2

I have an HDF5 file with 20 datasets, each with 200 rows of compound dtype ('<r4', '<r4', '<i4') where each component of the dtype represents a 1-D variable. I am finding that it takes about 2 seconds to open each file and assign component of the column to its own variable, which seems remarkably slow to me. I'm using h5py and numpy to open and read from the file into numpy arrays:

import numpy as np
import h5py
...
f = h5py.File("foo.hdf5", "r")
set1 = f["foo/bar"]
var1 = np.asarray([row[0] for row in set1])
var2 = np.asarray([row[1] for row in set1])
var3 = np.asarray([row[2] for row in set1])

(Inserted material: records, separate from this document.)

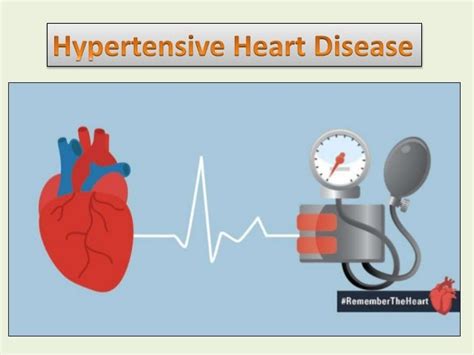 The Progression Of Hypertensive Heart Diseasefrom Hypertension To He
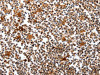 The image on the left is immunohistochemistry of paraffin-embedded Human tonsil tissue using CSB-PA797351 (PIK3R1 Antibody) at dilution 1/30, on the right is treated with fusion protein. (Original magnification: ×200)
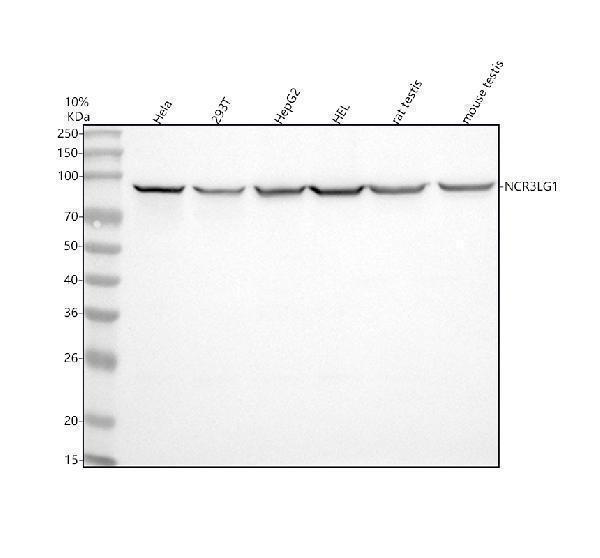  Western blot analysis of B7H6/NCR3LG1 using anti-B7H6/NCR3LG1 antibody (A09747-1)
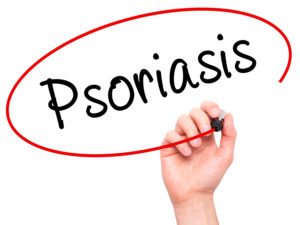 Caregiver in Reston VA: Senior Psoriasis Care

Is there a faster way to extract the variables from these datasets?

Here is a screenshot of one of the datasets using hdfview: hdfview

DavidH
  • 415
  • 4
  • 21
  • 1
    Have you tried `var1 = set1[:,0]`? If `set1` is a `dataset` you can index it in almost the same way(s) as a numpy array. http://docs.h5py.org/en/latest/high/dataset.html – hpaulj Feb 03 '16 at 19:26
  • Yes, and I receive the error "TypeError: Argument sequence too long". Additionally, if I try `set1 = f["foo/bar"][...]` followed by `var1 = set1[:,0]` I receive "IndexError: too many indices for array" – DavidH Feb 03 '16 at 19:37
  • What is `set1.shape`? Was the first `set1` a `group` rather than a `dataset`? I don't know the data structure in your file. You have to explore that yourself. – hpaulj Feb 03 '16 at 19:50
  • `set1.shape` returns (200,) – DavidH Feb 03 '16 at 20:07
  • You could try using Pytables (http://www.pytables.org/). It has a built-in Numpy interface and its optimized for speed. – Dietrich Feb 03 '16 at 20:20
  • 2
    Then `set1` is 1d, all rows and no columns. But it might have a complex `dtype`, the `h5py` equivalent of a numpy structured array. I'll have to check the documentation. `set1.dtype`? – hpaulj Feb 03 '16 at 20:32
  • http://stackoverflow.com/a/33249726/901925 a h5py SO question with structured arrays. – hpaulj Feb 03 '16 at 20:40
  • It does indeed have a complex datatype `(' – DavidH Feb 03 '16 at 21:07

1 Answers1

3

A much faster way (~0.05 seconds) is to transform the dataset into an array and then reference the fields by name:

import numpy as np
import h5py
...
f = h5py.File("foo.hdf5", "r")
set1 = np.asarray(f["foo/bar"])
var1 = set1["var1"]
var2 = set1["var2"]
var3 = set1["var3"]
DavidH
  • 415
  • 4
  • 21